## THE TASK
Would you copy exactly the lines in the data below from the one that has "18 Inches Mini" through the one that has "Plenty The Seasonal", dropping any pictures?

## DATA
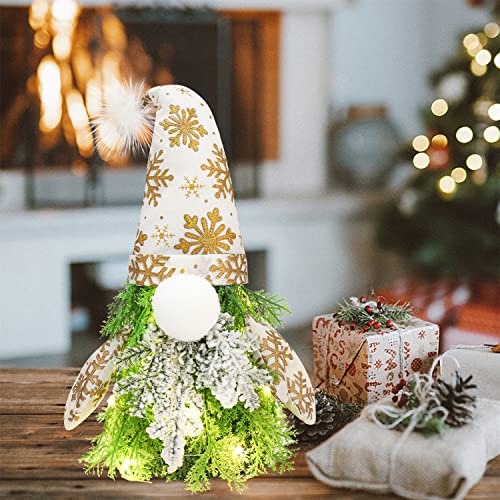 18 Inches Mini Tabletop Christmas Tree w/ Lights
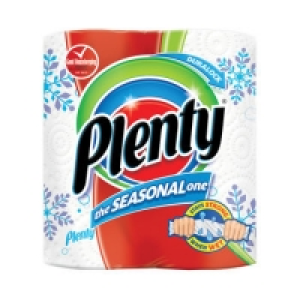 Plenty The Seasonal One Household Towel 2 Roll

---

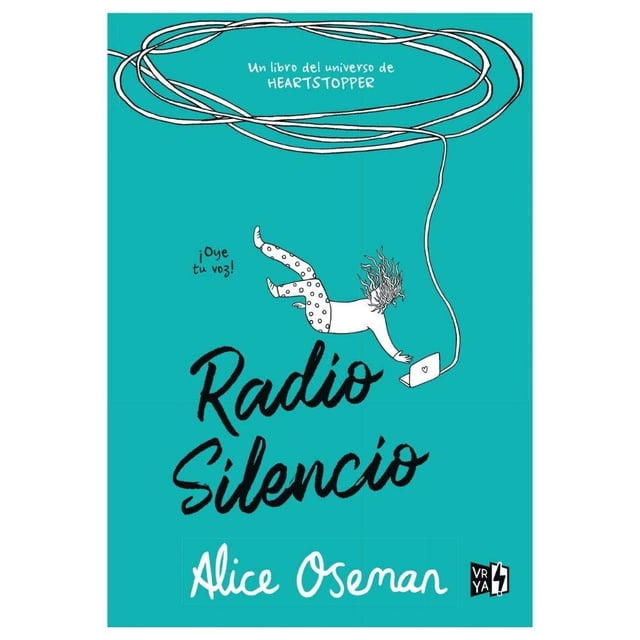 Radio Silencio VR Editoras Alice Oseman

## WRITTEN ANSWER
 18 Inches Mini Tabletop Christmas Tree w/ Lights
 Plenty The Seasonal One Household Towel 2 Roll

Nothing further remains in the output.